His images are floral, but the species are flowers are ones that only blossom in his own imagination. He likes depicting floral shapes because no matter how he stretches them, or distorts them, they immediately register as flowers to viewers, he said. They also give him a wide latitude on terms of color, texture and shape.
Winston almost had his art career derailed. He studied art in high school but when he got to Cleveland State University as an art major, he failed his first studio art class.
That prompted him to switch to physical education, and that led to a 37-year career as a coach and high school teacher.
|Sculptures by Steve Anderson draw a crowd.
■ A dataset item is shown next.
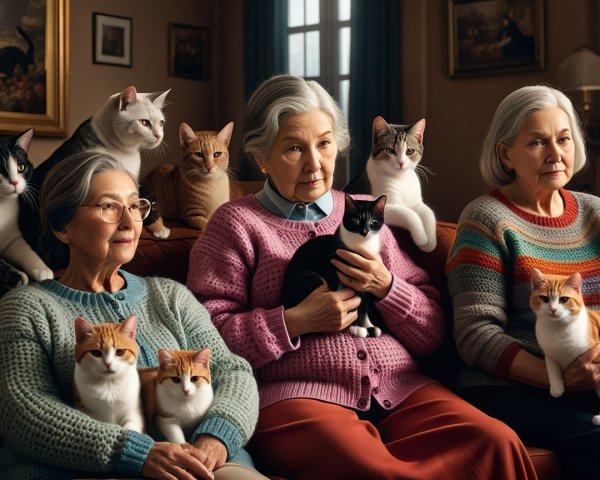 Elderly women in colorful sweaters with cats on a couch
Art was set aside, though he did do some drawings while serving in the Coast Guard in Operation Desert Storm in 1990.
Back at school on home room duty, he started getting his markers out and began drawing. "Teachers always have markers," he said.
"You have to find some safe place you can go that those hellions can't find you," Winston said, laughing.
His confidence grew so much that when he and his wife, Dawn, built a house, and she wanted art for the walls, he said: "I can do that."
So Winston created three drawings and brought them to be framed. The person at the frame shop marveled at his work, especially given they were done with marker. She suggested he enter them in an area art show, and he did. He won a third place award.
That was 2001, and now at 61 the recently retired educator has a new career, which he hopes includes future visits to the Levis event.
The first place winner was Judy Goskey of Burton, a jeweler who works with enamels. She first started working on jewelry in high school in West Geauga, and has been refining her craft for 25 years. She's been showing at Levis for several years, and said she was having a good weekend in terms of sales. "They've always been pretty good," Goskey said.
George Bragg, Monroe, Mich., who makes wall hangings with fused glass on copper, said he's heard from other artists that they've done well. "Everyone seems to be doing OK, " he said.
It depends, of course, he added, on how their items are priced. His pieces, for example, are more expensive, ranging from $200 to $5,000.
Bragg was enjoying the weather. He'd just spent three weeks in Chicago and had only two days where the temperature dipped below 95.
Pat and Mark Selfe, of Perrysburg, were among those out Sunday enjoying the art and the summer day.
|Overall view of the Levis Commons Art Fair
Pat Selfe said they enjoy "seeing all the talent out there."
Mark Selfe said the event shows that the community appreciates art. "People come out," he said, "it's a reflection on the community."
They show that appreciation with their wallets. "I can usually find something in a jewelry booth," Pat Selfe said.
As Anne Sbrocchi, of Sylvania, said: "You always have to come home with a memento."
She was there with Pat Metting, of Perrysburg. They have attended the show together for many years. Metting described it as "our little Ann Arbor."
Several of the artists also show at the Ann Arbor Art Fair, she noted. "It's nice to be able to see them here."
Artists winning honorable mentions were: Alison Fox, Naperville, Ill., glass; Kim Ensch, Belleville, Mich. and Vincent Pernicao, Boyne Falls, Mich., both mixed media; and John Galbo, Saginaw, Mich., photography.